Yes, I realize this is a bipartisan proposal and will undoubtedly get plenty of support from "moderate" Republicans also interested in path-of-least-resistance soak-the-poor taxation. I also realize that Bush is likely to veto this bill if it gets to his desk, likely negating its political impact heading into 2008. But its the multiple levels of disgusting precedent this measure presents that makes me physically ill. The "Democratic Congress" will be on record supporting a tobacco tax hike against working-class Americans, and the GOP will have a convincing case to be made that allowing Democrats to control government ensures the same working people who trusted them to enact "economic fairness" will be clobbered over the head with the most regressive tax of all.

Furthermore, the nanny-state precedent this tax proposal evokes ensures similar puritanical tax policy ahead even for those us (including myself) who are nonsmokers, with future "sin taxes" required to save the peasantry from the evils of Big Fast Food, Big Soda Pop, and Big Ice Cream, among others. We can basically expect that Democratic governance ensures a tax policy that is massively, massively MORE regressive than was tax policy under Republicans.

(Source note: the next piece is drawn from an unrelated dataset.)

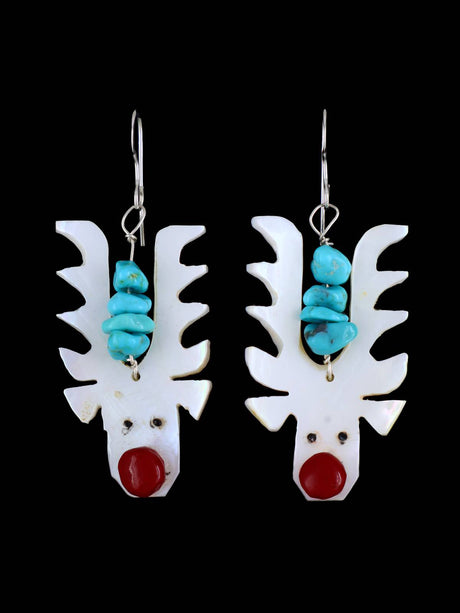 Carved Mother of Pearl Zuni Fetish Reindeer Dangle Earrings - PuebloDirect.com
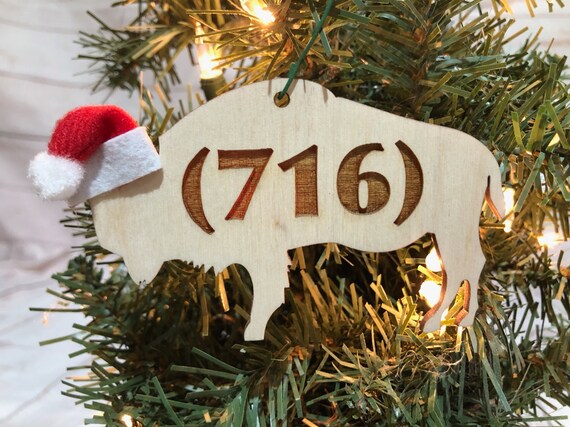 Buffalo Script Bison Wooden Engraved Ornament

My association with the Democratic Party is a product of economic populism. I could never vote for any Republican based on their economic worldview, but why would I still vote for Democrats if expanding tax code regressivity is their endgame? By conservative estimates, figure smokers represent 15% of the electorate, and the Democratic Party is effectively handing them over to the other side by forcing them to almost single-handedly finance the cost of government. If this really is the Democratic Party's idea of economic populism, they will be forfeiting my previously guaranteed vote as well.

6 Comments:

Blogger Mr. Phips said...

This tax will get absolutely nowhere. Republicans are filibustering everything else, so why wouldn't they filibuster this?

6:22 PM  
Blogger Mark said...

There may be enough Republican support to pass this thing in the Senate. I know Charles Grassley, Gordon Smith, and Olympia Snowe have already come out in favor of it. The Bush administration has vowed to veto it, meaning that even if it makes it through both Houses of Congress, it's DOA for now. Kind of ironic that a Bush administration veto is the only thing saving the Democrats from proudly committing suicide by spitting in the faces of their working-class base.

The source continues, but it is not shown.